This repository contains the python code used for the paper
Swart, N.C., J.C. Fyfe, N. Gillet and G.J. Marshall (2015), Comparing changes in the Southern Annular Mode and surface westerly jet, J. Climate.
This code will perform all the processing, analysis, and plotting to produce the final figures appearing in the paper.
The project is organized in directories as follows:
-
data_retrieval
contains scripts for downloading the original (mostly netCDF) data. Thedata
directory is the location where all raw and processed data is stored. -
data_processing
contains scripts for performing basic preprocessing of the data, and some analysis to produce derivative datasets (mostly stored in HDF5). -
analysis_and_plotting
contains the scripts that produce the 14 figures in the paper. -
plots
contains the output plots in PDF format. -
paper
contains the LaTeX source for the final paper.
The first three directories each contain their own README with further information.
They also contain a script (e.g. run_plotting.py
), that will automatically
execute all the relevant code. All modules have docstrings that explain their basic
function.
To reproduce the figures you need to:
- Download the raw input data (
run_retrieval.py
) - Complete all processing steps (
run_processing.py
) - Complete all plotting steps (
run_plotting.py
)
Over 30GB of raw input data are required for the project. All the data is public and freely available online. However, the data downloading step is the most complicated and the most likely to be problematic.
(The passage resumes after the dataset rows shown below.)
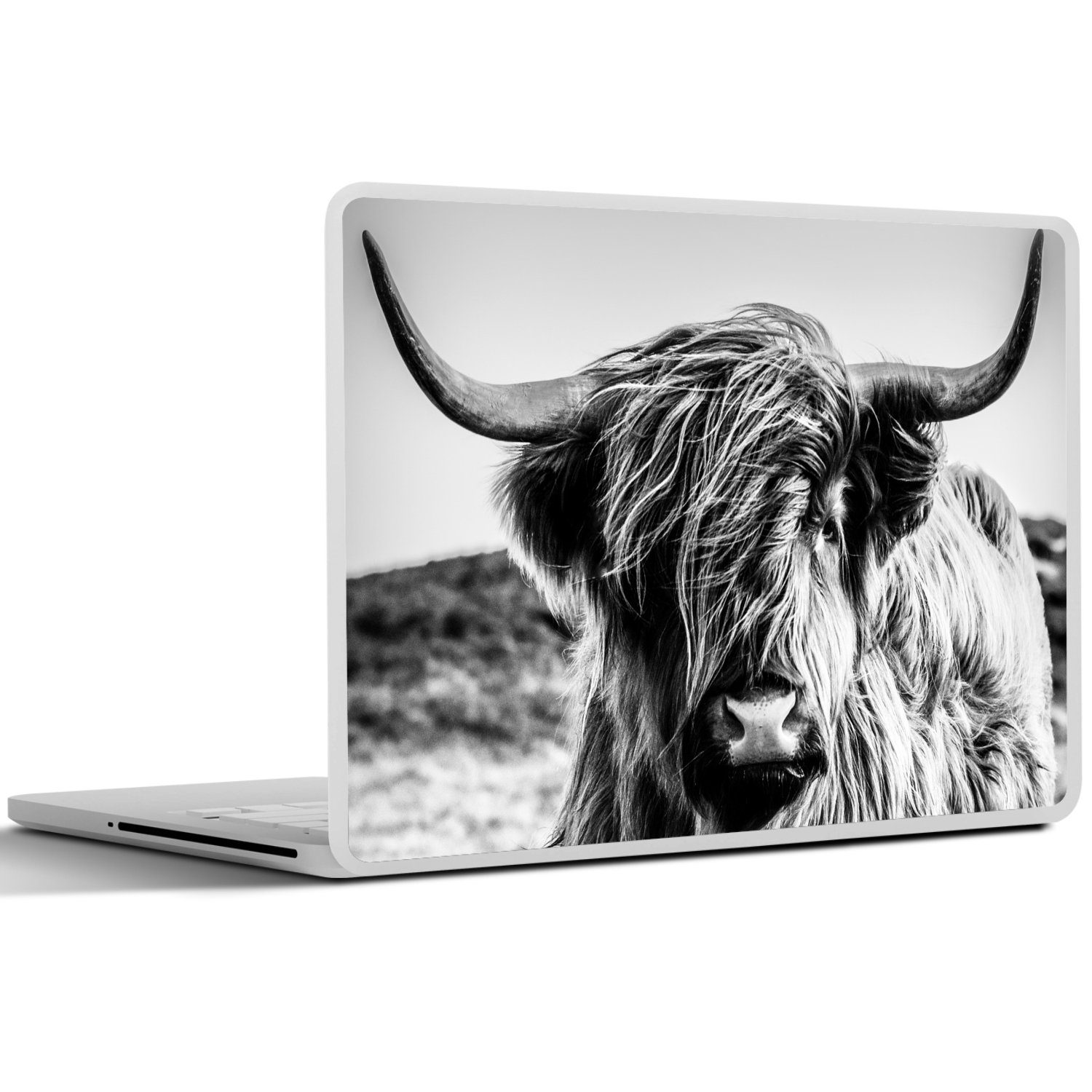 Tier Schutz - Hochländer Weiß Wandsticker Cover, Laptop - Natur St), Sticker vor Kuh - - (1 Schwarz Kratzern Schottischer - - MuchoWow Folie, Folien Aufkleber,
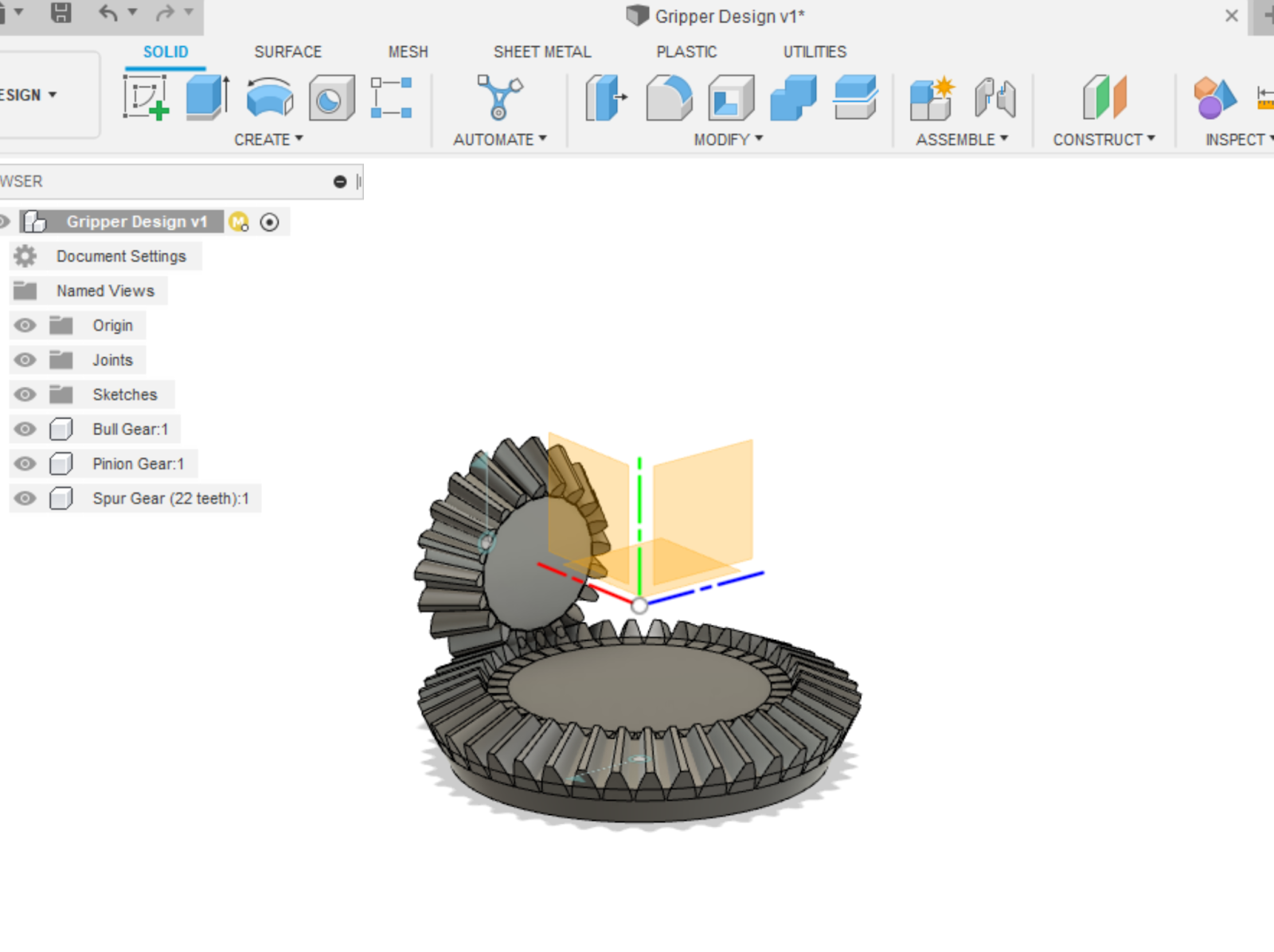 Isometric screenshot of Fusion360 CAD model of perpendicular bevel gears with gear ratio of 2:1. Gear coupled to servo will rotate twice for every one full rotation of bevel gear coupled to claw.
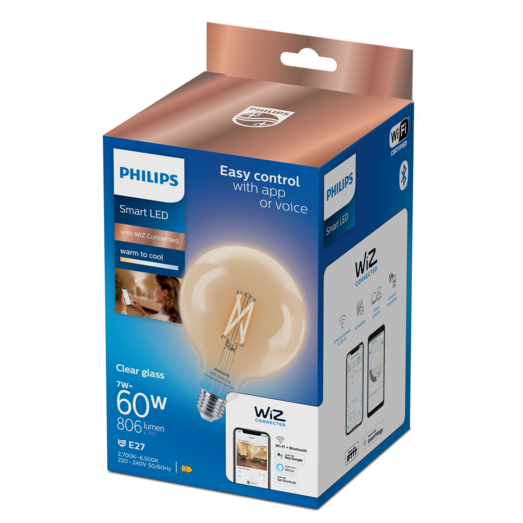 Philips Smart WiZ white LED pære E27 6,7W stor globe klar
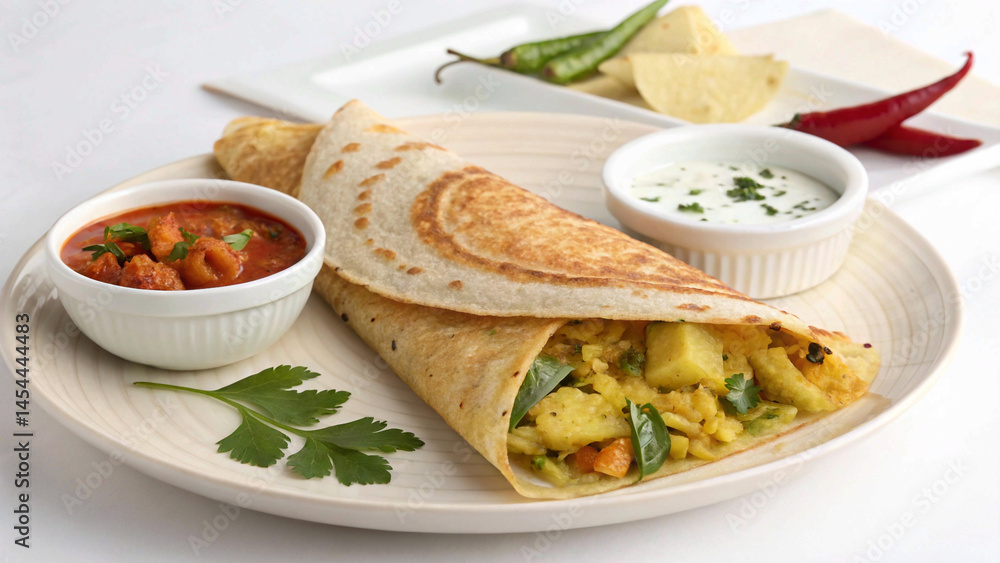 Masala dosa with coconut chutney and sambar, neatly plated on a white background. Masala dosa with coconut chutney and sambar, neatly plated on a white background.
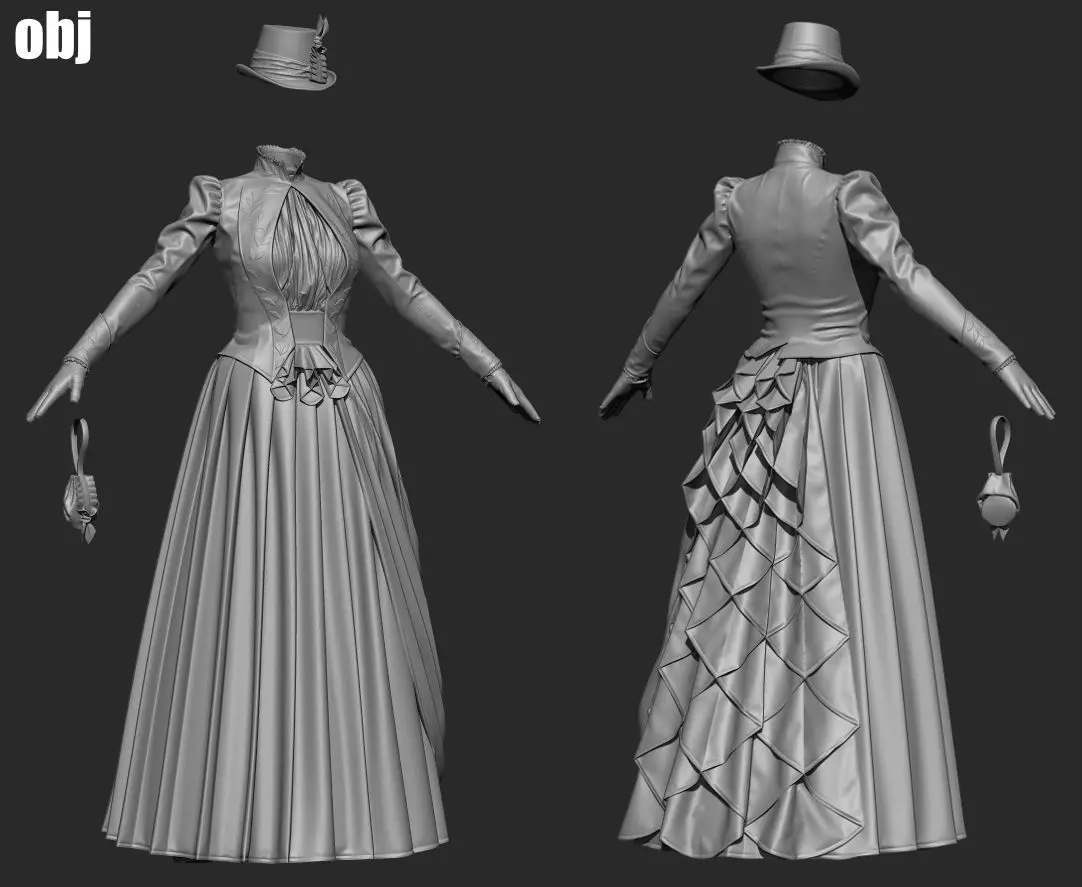 19th century outfit - Marvelous Designer project and OBJ 3D model_3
I cannot ensure that the data download scripts will work given the dynamic nature of the online data repositories, and the authentication credentials some of the sites require. Users can also download the data manually (referring to the comprehensive list provided here), or may request the input data from the authors.
The run.py
script will
automatically execute everything in steps 2 and 3, as long as all the
required input data is provided and the
environment is setup correctly (see below).
I wrote and tested the code using the Anaconda python distribution on Linux machines running Ubuntu 14.04.2 LTS. The specific Anaconda distribution used was:
Python 2.7.9 |Anaconda 2.2.0 (64-bit)| (default, Mar 9 2015, 16:20:48)
Additional software requirements include climate data
operators cdo and their python bindings, my
cmipdata
python package
(tested with commit 07d17b2f4a), and some downloading utilities.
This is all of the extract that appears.